Elle est le prélude à une arrivée massive de travailleurs polonais dans l’Hexagone où sont établis 500 000 Polonais en 1931. Le Nord et le Pas-de-Calais en concentrent plus d’un tiers. Dans le Pas-de-Calais, huit actifs sur dix exercent dans les mines de charbon. D’emblée, les Houillères tentent d’isoler cette main-d’œuvre en provenance d’Allemagne (Westphalie-Rhénanie) ou directement de Pologne (Galicie, Poznanie, Silésie, etc.) de l’influence jugée pernicieuse du mouvement ouvrier marxisant. Elles encouragent ainsi la venue d’instituteurs et de prêtres qui éduqueront cette population ouvrière dans le culte de Dieu et de la mère-patrie au sein de cités aux allures de ghetto...

Au début des années 1930, la récession qui déstabilise l’économie capitaliste, affecte les étrangers en priorité. Ils ne sont plus les bienvenus ! L’heure est aux rapatriements forcés, souvent vécus de façon dramatique. Un Polonais sur quatre sera contraint au retour.

Préférant se débarrasser de leurs meubles que de les céder à vil prix, ces rapatriés de force improvisent, au cœur des corons, des bûchers qui frappent les esprits. Dans le même temps, la répression s’intensifie à l’endroit des syndicalistes et des communistes. En août 1934, plusieurs dizaines de mineurs (dont Edward Gierek, futur dirigeant de la Pologne populaire) de la fosse 10 de Leforest sont expulsés en raison d’une grève déclenchée au fond du puits. En octobre, c’est au tour du syndicaliste Tomasz Olszanski d’être reconduit à la frontière (voir ci-dessous).
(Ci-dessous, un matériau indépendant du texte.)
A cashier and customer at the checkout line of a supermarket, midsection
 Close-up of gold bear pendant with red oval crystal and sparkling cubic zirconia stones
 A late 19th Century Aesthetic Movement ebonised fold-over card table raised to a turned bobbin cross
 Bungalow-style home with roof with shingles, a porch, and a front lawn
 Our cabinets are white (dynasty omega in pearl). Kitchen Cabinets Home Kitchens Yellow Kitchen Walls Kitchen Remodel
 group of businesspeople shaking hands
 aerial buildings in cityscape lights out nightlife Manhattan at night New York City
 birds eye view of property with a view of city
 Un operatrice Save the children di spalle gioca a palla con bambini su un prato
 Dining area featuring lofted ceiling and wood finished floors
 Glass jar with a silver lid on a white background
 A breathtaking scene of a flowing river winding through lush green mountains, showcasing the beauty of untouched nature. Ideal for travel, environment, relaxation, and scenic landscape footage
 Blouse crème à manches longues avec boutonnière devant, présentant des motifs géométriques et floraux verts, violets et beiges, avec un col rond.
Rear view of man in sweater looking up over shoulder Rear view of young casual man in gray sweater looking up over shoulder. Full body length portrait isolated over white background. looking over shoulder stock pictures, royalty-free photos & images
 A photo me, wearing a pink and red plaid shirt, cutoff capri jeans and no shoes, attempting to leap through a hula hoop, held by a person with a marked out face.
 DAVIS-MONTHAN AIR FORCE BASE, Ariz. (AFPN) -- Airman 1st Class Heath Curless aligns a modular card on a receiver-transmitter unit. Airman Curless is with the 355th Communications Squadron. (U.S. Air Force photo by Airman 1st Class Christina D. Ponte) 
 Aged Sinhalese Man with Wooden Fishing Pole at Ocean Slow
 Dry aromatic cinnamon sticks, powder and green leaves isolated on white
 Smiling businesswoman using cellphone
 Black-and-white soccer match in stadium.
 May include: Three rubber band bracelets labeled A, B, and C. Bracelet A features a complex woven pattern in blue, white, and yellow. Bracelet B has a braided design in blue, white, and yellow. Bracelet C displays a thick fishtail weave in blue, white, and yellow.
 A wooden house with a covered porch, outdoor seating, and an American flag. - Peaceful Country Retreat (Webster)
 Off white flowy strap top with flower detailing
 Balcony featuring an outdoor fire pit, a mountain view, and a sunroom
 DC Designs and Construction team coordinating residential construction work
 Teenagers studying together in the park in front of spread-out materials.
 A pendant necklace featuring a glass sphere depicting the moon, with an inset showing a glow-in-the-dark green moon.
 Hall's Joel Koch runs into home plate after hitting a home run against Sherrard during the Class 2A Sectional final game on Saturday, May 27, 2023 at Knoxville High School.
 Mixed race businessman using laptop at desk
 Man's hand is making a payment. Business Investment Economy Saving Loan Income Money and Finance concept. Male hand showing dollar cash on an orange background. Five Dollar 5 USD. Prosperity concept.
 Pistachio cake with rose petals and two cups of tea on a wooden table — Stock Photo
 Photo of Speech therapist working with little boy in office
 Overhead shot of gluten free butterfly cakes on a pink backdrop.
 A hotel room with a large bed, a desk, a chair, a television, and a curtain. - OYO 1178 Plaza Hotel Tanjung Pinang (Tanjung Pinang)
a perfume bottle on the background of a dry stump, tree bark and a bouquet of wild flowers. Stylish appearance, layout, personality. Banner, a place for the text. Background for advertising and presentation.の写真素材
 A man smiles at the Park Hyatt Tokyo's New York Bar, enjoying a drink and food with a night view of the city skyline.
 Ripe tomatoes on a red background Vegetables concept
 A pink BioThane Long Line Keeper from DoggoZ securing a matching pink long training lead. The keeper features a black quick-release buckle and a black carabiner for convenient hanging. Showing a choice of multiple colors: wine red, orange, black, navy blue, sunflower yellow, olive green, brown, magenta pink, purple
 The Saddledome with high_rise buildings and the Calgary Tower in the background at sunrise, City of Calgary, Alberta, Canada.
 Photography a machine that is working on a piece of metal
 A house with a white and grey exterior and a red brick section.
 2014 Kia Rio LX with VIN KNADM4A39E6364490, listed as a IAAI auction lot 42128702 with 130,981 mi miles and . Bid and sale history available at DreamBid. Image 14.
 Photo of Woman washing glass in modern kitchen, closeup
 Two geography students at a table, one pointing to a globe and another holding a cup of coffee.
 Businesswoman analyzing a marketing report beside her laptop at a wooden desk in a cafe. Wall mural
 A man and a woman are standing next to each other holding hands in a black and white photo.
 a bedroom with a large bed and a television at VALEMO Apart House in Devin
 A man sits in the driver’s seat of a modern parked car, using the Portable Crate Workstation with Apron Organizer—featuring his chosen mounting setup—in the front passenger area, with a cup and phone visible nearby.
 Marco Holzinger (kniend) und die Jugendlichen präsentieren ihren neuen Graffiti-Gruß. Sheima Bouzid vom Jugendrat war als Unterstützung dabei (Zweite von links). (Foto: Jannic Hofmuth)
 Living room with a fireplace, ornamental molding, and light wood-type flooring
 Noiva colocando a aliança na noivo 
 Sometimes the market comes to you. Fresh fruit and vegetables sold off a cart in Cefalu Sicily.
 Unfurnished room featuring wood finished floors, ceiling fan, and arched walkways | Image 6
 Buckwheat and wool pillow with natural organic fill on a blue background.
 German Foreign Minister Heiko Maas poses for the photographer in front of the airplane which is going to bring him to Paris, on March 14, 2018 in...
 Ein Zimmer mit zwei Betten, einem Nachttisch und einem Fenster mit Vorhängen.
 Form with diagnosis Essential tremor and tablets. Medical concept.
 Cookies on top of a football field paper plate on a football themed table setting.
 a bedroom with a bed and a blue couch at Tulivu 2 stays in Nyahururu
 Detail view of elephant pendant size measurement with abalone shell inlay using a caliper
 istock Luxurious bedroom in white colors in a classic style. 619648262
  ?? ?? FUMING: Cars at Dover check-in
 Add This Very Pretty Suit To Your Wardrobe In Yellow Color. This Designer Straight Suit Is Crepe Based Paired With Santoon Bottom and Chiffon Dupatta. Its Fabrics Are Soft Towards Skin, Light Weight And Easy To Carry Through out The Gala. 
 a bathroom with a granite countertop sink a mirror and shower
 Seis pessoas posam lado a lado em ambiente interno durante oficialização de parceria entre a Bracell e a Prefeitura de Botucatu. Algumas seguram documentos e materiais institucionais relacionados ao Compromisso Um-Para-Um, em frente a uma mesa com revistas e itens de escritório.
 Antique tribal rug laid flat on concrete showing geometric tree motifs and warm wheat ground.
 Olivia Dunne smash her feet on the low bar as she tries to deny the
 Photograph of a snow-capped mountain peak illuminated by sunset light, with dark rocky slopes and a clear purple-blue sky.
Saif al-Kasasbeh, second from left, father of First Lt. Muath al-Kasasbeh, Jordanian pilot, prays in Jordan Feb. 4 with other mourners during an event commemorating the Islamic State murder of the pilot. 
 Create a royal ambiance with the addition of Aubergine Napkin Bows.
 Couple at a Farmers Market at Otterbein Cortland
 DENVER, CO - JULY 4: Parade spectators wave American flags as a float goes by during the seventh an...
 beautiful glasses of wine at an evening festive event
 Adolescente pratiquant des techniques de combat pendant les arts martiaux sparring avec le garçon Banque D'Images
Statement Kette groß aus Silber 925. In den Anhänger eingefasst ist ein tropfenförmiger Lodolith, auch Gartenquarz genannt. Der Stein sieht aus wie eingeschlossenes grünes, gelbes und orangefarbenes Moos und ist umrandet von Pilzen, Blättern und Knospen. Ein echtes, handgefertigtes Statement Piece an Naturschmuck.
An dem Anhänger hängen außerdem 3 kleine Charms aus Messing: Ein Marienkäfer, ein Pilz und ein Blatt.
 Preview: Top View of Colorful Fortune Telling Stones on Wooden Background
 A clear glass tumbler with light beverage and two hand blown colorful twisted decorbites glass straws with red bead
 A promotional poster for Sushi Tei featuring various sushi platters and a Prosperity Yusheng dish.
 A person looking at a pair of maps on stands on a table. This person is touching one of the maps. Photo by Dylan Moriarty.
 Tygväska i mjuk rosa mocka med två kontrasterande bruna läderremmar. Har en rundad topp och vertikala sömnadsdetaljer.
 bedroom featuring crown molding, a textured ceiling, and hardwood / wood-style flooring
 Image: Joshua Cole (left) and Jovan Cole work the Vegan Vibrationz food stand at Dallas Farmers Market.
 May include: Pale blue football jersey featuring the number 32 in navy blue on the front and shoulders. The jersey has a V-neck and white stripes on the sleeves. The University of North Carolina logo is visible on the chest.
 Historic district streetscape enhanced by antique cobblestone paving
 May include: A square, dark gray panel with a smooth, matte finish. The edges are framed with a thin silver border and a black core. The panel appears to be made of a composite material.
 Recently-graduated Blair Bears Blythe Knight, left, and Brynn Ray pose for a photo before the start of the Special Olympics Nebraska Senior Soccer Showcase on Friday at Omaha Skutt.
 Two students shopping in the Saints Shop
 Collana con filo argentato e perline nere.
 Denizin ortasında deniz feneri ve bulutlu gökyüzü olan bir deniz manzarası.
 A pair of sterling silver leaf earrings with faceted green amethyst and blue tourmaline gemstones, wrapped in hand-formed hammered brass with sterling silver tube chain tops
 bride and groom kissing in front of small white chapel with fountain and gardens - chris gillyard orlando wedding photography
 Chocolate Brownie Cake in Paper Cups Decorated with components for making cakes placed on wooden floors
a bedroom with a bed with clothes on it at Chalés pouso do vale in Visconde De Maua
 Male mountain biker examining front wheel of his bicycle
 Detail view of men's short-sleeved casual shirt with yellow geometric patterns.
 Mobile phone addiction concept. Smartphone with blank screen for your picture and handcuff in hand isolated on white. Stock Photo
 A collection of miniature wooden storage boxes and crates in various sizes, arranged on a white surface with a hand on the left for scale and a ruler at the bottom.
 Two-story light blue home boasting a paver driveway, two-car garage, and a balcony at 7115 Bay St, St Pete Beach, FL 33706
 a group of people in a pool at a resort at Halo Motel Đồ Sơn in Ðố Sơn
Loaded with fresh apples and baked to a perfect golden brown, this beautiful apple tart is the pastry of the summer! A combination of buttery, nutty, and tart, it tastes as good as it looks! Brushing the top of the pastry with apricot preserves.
A la Libération, le processus d’assimilation semble figé. La Pologne populaire appelle alors ses ressortissants à participer à l’effort de reconstruction d’un pays exsangue. Seule une minorité répondra à son appel. Les autres font le choix, en partie influencés par le clergé, de l’installation définitive sur le sol français.